One might reasonably expect that California law will apply to matters involving the transfer of securities issued by corporations and other issuers organized under California law. These California issuers, however, are free to choose to have the law of another jurisdiction apply pursuant to Section 8110(d) of the California Uniform Commercial Code. Under this statute, a California issuer can elect to have non-California law govern:
- The rights and duties of the issuer with respect to the registration of transfer;
- The effectiveness of registration of transfer by the issuer;
- Whether the issuer owes any duties to an adverse claimant to a security; and
- Whether an adverse claim can be asserted against a person to whom transfer of a certificated or uncertificated security is registered or a person who obtains control of an uncertificated security.
No election, however, is permitted with respect to the fundamental question of the validity of the security itself.
In a quick search of filings with the SEC, I did not find an example of a California issuer selecting a jurisdiction pursuant to Section 8110(d). I did find an example of a Delaware limited liability company that included the following it is LLC Agreement: "The law of the State of New York is hereby designated as the issuer's jurisdiction within the meaning of Section 8-110(d) of the UCC for purposes of the matters specified therein." While this may seem unremarkable on its face, Delaware's version of Section 8110(d) (6 Del.
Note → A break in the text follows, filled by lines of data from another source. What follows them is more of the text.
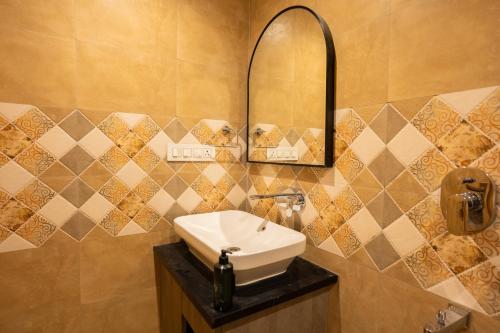 Un baño de Feel Goa Villa Ridley- Unit Of My Booking Guru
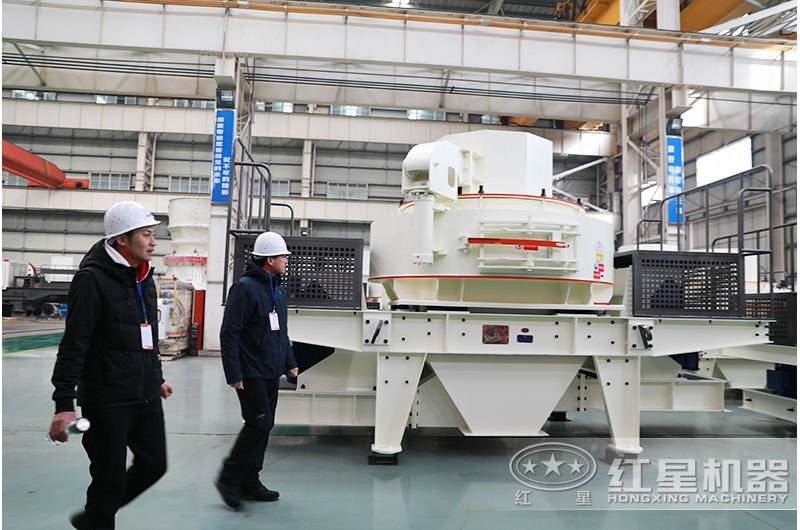 用戶參觀打細沙機器車間，對紅星設(shè)備贊不絕口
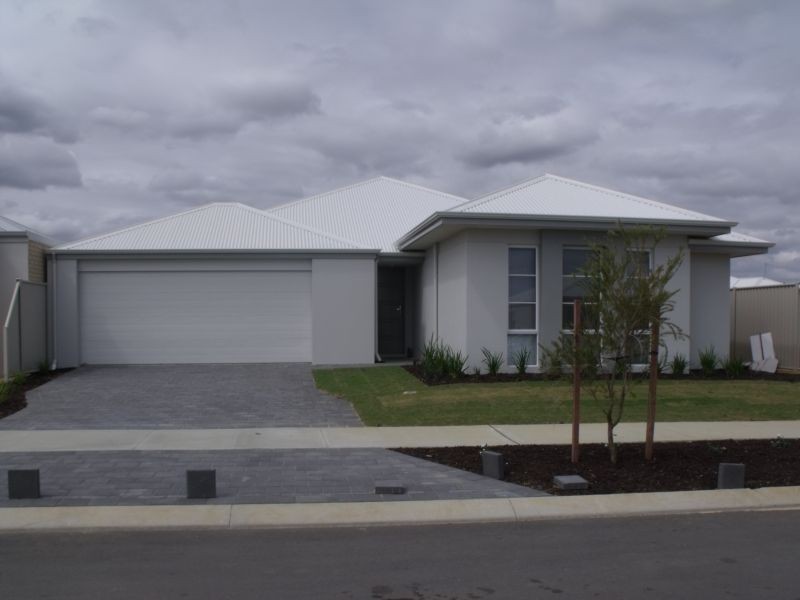 10 Pontoon Way, Alkimos WA 6038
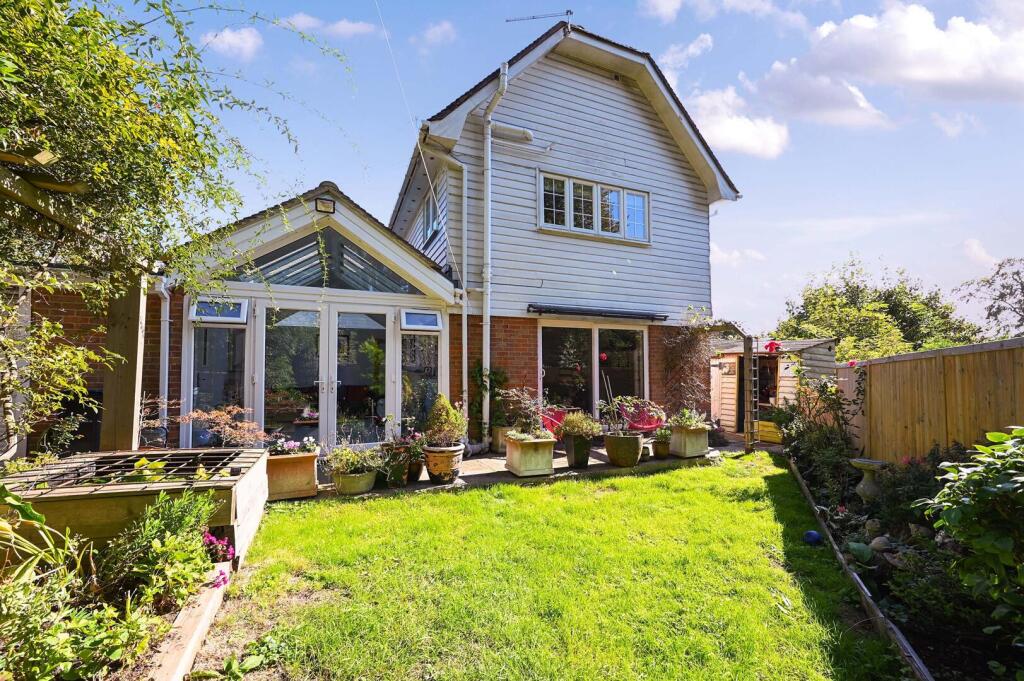 4-bed semi-detached on Point Hill, Rye, £695,000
Code § 8110(d)) does not include the language found in the California statute authorizing an issuer to specify the law of another jurisdiction. The Delaware statute does allow issuers organized in other states to choose Delaware.
Section 8110(d) does not specify how an issuer is to specify the law of another jurisdiction. Presumably, such an election could be included in the issuer's articles of incorporation, limited partnership agreement, or operating agreement. However, must the specification appear in the issuer's charter documents or will some other specification (e.g., an agreement with the transfer agent) suffice?